Laura describes common dog allergies that can flare up spring
April 21, 2023
Spring is here, and for many of us, that means warmer Lancashire weather, blooming flowers, and spending more time outdoors with our furry companions. However, for dogs, spring can also mean the development or flare-up of allergies…
According to our Vet, Laura, dogs can be allergic to a variety of things just like humans, including tree and grass pollens, insect and flea bites, dust, and mould. These allergens can be particularly prevalent during the spring.
Laura and our veterinary team have put together a handy Dog Allergy Guide to help you get to know the symptoms of allergies to look out for.
Spring/summer environmental dog allergies [H3] Hay fever in dogs
Pollen allergies from trees, grass, flowers, and weeds can start in spring and last until autumn for some dogs. All dogs can suffer from pollen allergies (or hay fever) however, it seems to be more common in females and some breeds can be more prone to it, like Labrador Retrievers, Golden Retrievers, Dalmatians, and West Highland Terriers.
With airborne allergens, like pollen, dogs can have symptoms even when they’re nowhere near the source I.e., on the grass. Whereas some dogs may sneeze due to pollen allergies, there are many other more common symptoms to look out for – learn more here.
Mould allergies can also affect dogs more when spring arrives, particularly in areas with high humidity; house mould should be dealt with as soon as possible.
Dust allergies can lead to sneezing, breathing difficulties, and other common allergy symptoms
We’ve mentioned this as a ‘spring allergen’ as although it can occur at any time, ‘spring cleaning’ can disturb large amounts of dust and debris.
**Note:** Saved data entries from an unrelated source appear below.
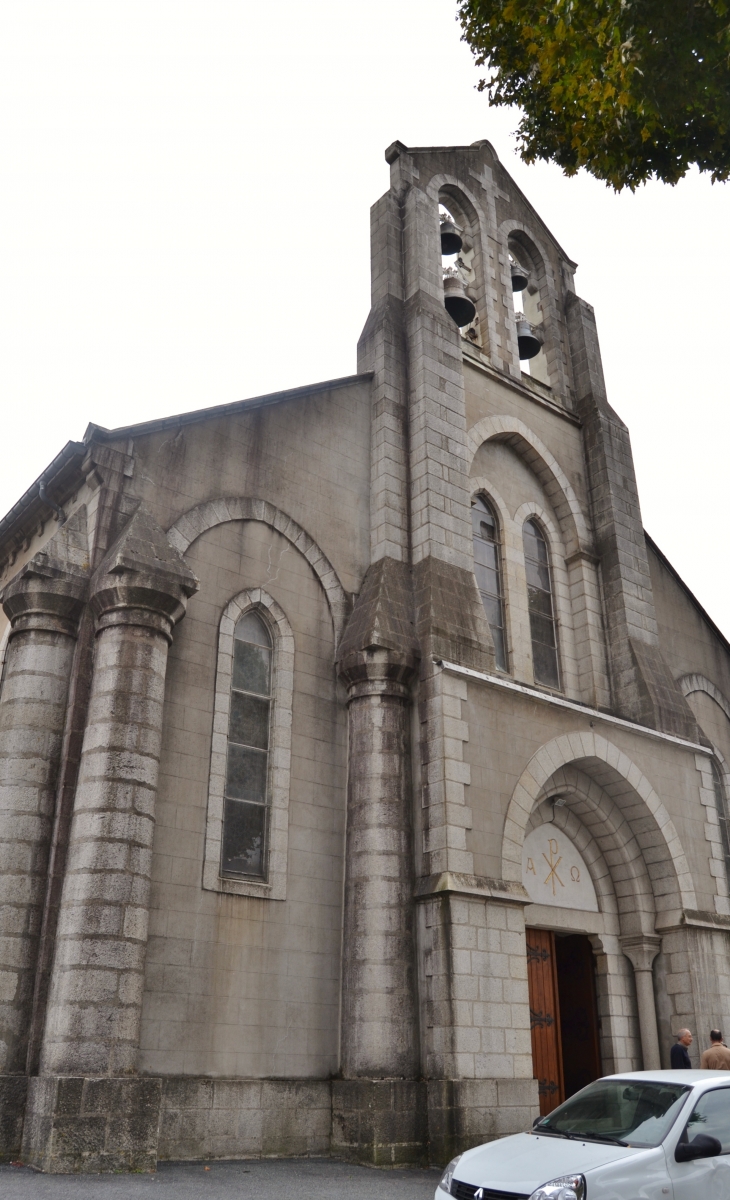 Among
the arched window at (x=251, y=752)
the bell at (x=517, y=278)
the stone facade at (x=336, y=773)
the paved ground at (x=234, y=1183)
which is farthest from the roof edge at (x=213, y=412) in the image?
the paved ground at (x=234, y=1183)

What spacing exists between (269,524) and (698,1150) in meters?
8.80

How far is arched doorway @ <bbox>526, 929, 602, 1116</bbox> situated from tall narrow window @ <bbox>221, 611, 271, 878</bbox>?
4.36 meters

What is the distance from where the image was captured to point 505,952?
458 inches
A whopping 95% of flea eggs, larvae and pupae live in the environment, not on pets. As the temperature warms up in spring, flea activity starts to ramp up. Some dogs are allergic to flea saliva and may have an immediate (within 15 minutes) or a delayed (24 – 48 hours) reaction that is most visible on the skin. If your dog has atopic dermatitis, they will be more prone to a flea saliva allergy.
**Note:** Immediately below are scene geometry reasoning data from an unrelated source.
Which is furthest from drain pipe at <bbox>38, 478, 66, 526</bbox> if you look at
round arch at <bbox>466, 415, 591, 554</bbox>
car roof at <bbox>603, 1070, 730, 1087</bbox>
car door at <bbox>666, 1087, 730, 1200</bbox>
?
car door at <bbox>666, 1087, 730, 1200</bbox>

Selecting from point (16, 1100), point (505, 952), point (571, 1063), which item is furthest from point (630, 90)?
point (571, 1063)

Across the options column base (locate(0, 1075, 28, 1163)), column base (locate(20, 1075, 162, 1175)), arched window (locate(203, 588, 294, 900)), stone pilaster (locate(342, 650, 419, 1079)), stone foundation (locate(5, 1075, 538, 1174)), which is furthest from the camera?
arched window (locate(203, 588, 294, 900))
Laura explains that atopic dermatitis is a common condition that causes chronic itching, which leads to excessive scratching, biting or licking at the skin, resulting in inflammation of the skin and hair loss. This condition can be caused by an allergic reaction to environmental allergens, such as those above.
What to do if you think your dog is allergic?
If your dog is showing signs of allergies, it’s best to book an appointment at any of our Preston. We can determine the cause of your dog’s symptoms and recommend an appropriate course of treatment. In some cases, we may recommend antihistamines or other medications to help control your dog’s symptoms. In more severe cases, we may also recommend an anti-allergy vaccination or topical medications to relieve the symptoms.
IMPORTANT: Never give your dog medication meant for humans, particularly antihistamines, without a vet’s explicit advice and dosage instructions. Some brands may contain harmful ingredients for pets and the dosage may not be the same as it is for humans. It’s also important to keep in mind that while spring is a common time for allergies to surface, dogs can develop allergies or have allergic reactions all year round.
Other reasons why your dog might be scratching
Laura advises that it’s important to understand there may be other reasons for your dog’s scratching and irritation such as:
- Food intolerances
- Dry skin (from a lack of essential fatty acids in the diet, cold weather, or grooming products)
- Over-production of skin yeast or bacteria
- Skin infection
- Mites or lice
- A tick bite
- Behavioural issues such as anxiety or boredom
This is why knowing the other common symptoms of allergies and booking an allergy appointment for your dog is important. The sooner our team can investigate and diagnose, the sooner a treatment plan can be started and you dog’s daily life improved.